Le droit à l'aide juridictionnelle et le principe de protection juridictionnelle effective sont consacrés par les articles 6 et 13 de la Convention Européenne de Sauvegarde des Droits de l'Homme. Toutefois, depuis l'entrée en vigueur du Traité de LISBONNE, il faut également faire référence à la Charte des droits fondamentaux qui a la même valeur juridique que les traités et dont l'article 47 prévoit que « Toute personne dont les droits et libertés garantis par le droit de l'Union ont été violés a droit à un recours effectif devant un tribunal dans le respect des conditions prévues au présent article. Toute personne a droit que sa cause soit entendue équitablement, publiquement et dans un délai raisonnable par un tribunal indépendant et impartial, établi préalablement par la loi. Toute personne a la possibilité de se faire conseiller, défendre et représenter. Une aide juridictionnelle est accordée à ceux qui ne disposent pas de ressources suffisantes, dans la mesure où cette aide serait nécessaire pour assurer l'effectivité de l'accès à la Justice. »

La CJUE a relevé que le terme « personne », introduit dans l'article 47 de la Charte, peut concerner les personnes physiques ou les personnes morales.

Elle en conclut que ce droit peut être invoqué par les personnes morales et que l'aide octroyée en application de ce principe peut couvrir notamment la dispense du paiement de l'avance des frais de procédure et/ou l'assistance d'un avocat.

Toutefois, conformément à la jurisprudence de la CJUE, le droit d'accès aux tribunaux n'est pas absolu et doit faire l'objet d'un examen au cas par cas.
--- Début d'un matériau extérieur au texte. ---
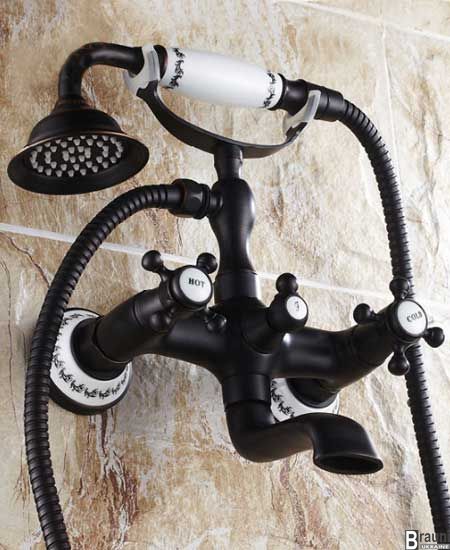 Змішувач для ванни Deco-2 Black чорний 1681 фото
Cela sera également le cas au regard de l'article 47 de la Charte des droits fondamentaux.

Une procédure de sélection pour les affaires peut donc être instaurée afin de vérifier si l'aide judiciaire peut être octroyée. Toutefois, cette procédure doit fonctionner d'une manière impartiale. Ainsi, le juge national pour apprécier cette demande d'octroi de l'aide juridictionnelle peut prendre en considération l'objet du litige, les chances raisonnables de succès du demandeur, la gravité de l'enjeu pour celui-ci, la complexité du droit et de la procédure applicables ainsi que la capacité du demandeur à défendre effectivement sa cause.
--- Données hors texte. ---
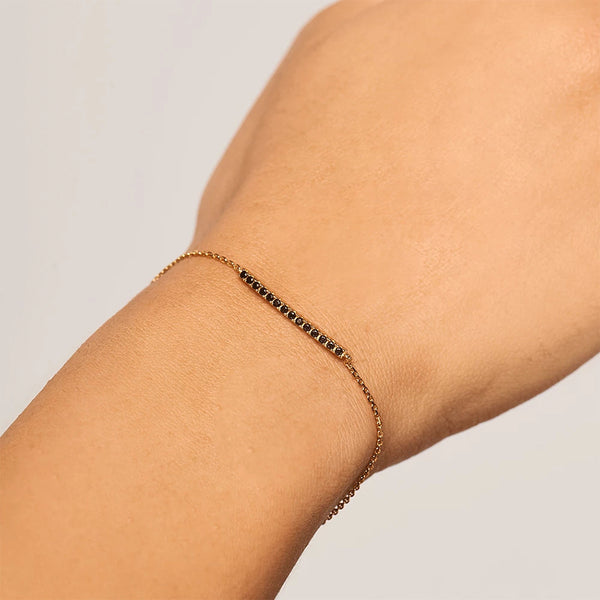 FS0085 925 Sterling Silver Black Zircon Bracelet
Il peut également tenir compte de l'importance des frais de procédure devant être avancés et du caractère insurmontable ou non de l'obstacle qu'ils constituent éventuellement pour l'accès à la Justice.

Concernant les personnes morales, le juge national peut tenir compte de la situation de celle-ci et prendre en considération, notamment, la forme ou le but lucratif ou non de la personne morale en cause ainsi que la capacité financière de ses associés ou actionnaires et la possibilité pour ceux-ci de se procurer les sommes nécessaires à l'introduction de l'action en justice.

Sous ces réserves, il incombe donc au juge national de vérifier si les conditions d'octroi de l'aide judiciaire constituent une limitation au droit d'accès aux tribunaux portant atteinte à ce droit dans sa substance même, si les conditions tendent à un but légitime et s'il existe un rapport raisonnable de proportionnalité entre les moyens employés et le but visé.

Le principe de protection juridictionnelle effective est fondamental.

Ainsi, au moment où la quasi-totalité des Etats européens annoncent une baisse ou une limitation du budget de l'aide juridictionnelle, les citoyens sauront se prévaloir de ce principe pour pouvoir continuer à accéder à la Justice et défendre leurs droits.